Write only the number of lines in the data that include the word "priced".

========================================

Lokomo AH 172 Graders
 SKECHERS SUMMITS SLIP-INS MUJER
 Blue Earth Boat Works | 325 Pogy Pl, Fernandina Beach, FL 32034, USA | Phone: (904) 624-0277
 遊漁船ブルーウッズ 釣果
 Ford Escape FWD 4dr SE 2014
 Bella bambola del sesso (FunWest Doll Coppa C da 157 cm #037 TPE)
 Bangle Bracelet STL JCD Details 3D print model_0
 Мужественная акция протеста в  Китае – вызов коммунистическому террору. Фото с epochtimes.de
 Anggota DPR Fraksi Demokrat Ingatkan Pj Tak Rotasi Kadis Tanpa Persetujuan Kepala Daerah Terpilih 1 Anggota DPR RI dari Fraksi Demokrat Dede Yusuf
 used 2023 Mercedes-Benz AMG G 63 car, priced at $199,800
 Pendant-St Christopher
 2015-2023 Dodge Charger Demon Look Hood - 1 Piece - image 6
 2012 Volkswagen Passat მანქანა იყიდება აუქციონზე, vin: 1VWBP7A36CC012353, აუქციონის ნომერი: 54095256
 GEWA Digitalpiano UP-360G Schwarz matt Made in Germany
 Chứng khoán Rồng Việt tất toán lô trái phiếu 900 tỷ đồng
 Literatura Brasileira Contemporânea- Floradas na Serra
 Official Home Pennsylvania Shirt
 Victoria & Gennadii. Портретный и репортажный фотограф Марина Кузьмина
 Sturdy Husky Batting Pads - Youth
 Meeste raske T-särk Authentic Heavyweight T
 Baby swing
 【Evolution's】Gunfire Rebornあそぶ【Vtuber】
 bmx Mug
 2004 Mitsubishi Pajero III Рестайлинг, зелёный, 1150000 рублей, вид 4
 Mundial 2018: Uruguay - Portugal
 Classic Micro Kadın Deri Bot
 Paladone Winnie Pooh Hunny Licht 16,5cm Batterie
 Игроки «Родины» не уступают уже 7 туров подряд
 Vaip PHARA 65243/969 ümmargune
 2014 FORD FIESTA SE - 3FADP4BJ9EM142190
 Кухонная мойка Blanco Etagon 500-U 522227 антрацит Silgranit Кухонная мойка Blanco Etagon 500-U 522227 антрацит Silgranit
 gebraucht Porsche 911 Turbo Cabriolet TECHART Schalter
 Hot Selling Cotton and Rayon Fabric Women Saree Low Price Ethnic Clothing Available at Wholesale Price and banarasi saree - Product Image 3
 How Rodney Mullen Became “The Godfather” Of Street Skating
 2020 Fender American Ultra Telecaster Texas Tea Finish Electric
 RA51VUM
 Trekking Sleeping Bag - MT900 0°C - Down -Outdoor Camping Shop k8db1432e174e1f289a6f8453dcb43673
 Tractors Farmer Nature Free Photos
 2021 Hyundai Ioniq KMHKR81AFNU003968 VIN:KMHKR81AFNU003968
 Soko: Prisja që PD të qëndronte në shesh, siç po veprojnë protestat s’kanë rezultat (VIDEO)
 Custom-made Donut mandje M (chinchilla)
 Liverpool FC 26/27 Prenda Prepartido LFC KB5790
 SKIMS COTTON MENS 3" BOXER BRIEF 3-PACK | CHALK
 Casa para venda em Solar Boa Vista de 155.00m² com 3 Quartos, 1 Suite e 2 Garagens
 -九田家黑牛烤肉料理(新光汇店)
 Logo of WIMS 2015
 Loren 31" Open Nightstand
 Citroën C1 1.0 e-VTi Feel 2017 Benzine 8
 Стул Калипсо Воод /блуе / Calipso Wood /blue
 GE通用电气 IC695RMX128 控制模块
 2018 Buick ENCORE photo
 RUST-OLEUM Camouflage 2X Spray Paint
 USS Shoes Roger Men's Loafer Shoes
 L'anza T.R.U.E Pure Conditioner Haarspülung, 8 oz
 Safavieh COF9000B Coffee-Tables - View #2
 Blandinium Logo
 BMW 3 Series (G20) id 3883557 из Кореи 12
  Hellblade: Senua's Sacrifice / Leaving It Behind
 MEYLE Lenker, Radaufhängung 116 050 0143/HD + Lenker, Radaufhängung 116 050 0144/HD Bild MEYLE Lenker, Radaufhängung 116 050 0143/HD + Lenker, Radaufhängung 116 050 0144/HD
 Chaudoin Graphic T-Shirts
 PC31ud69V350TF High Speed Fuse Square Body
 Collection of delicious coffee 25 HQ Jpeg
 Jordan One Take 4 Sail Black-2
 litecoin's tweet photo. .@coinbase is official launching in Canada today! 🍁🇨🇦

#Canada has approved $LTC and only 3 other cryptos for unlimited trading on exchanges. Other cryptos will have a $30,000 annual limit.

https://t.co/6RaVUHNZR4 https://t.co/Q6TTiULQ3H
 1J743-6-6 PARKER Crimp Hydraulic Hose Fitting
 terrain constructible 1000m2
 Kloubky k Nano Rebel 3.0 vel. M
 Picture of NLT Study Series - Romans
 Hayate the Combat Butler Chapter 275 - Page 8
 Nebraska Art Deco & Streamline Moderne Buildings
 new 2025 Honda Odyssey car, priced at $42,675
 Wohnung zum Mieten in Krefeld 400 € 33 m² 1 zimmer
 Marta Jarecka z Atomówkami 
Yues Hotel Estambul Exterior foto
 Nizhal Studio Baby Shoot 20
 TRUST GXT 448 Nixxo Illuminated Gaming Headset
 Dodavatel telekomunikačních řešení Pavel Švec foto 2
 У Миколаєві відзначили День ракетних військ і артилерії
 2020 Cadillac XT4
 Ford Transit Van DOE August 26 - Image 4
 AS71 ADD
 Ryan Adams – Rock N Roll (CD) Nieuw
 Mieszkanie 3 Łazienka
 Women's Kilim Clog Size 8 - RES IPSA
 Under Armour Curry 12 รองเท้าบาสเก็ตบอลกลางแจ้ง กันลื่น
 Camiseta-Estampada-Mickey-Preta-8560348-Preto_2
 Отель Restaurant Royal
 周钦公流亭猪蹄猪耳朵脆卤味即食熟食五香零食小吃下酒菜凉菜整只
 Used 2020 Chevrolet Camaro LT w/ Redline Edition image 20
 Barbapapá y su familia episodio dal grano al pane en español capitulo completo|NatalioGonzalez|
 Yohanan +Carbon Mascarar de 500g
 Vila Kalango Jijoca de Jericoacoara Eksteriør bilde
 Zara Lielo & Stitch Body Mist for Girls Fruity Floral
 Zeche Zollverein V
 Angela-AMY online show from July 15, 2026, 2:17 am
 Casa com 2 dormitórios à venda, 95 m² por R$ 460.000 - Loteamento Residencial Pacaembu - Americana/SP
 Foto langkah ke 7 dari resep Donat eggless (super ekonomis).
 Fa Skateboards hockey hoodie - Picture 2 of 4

========================================

> Reply to the task
2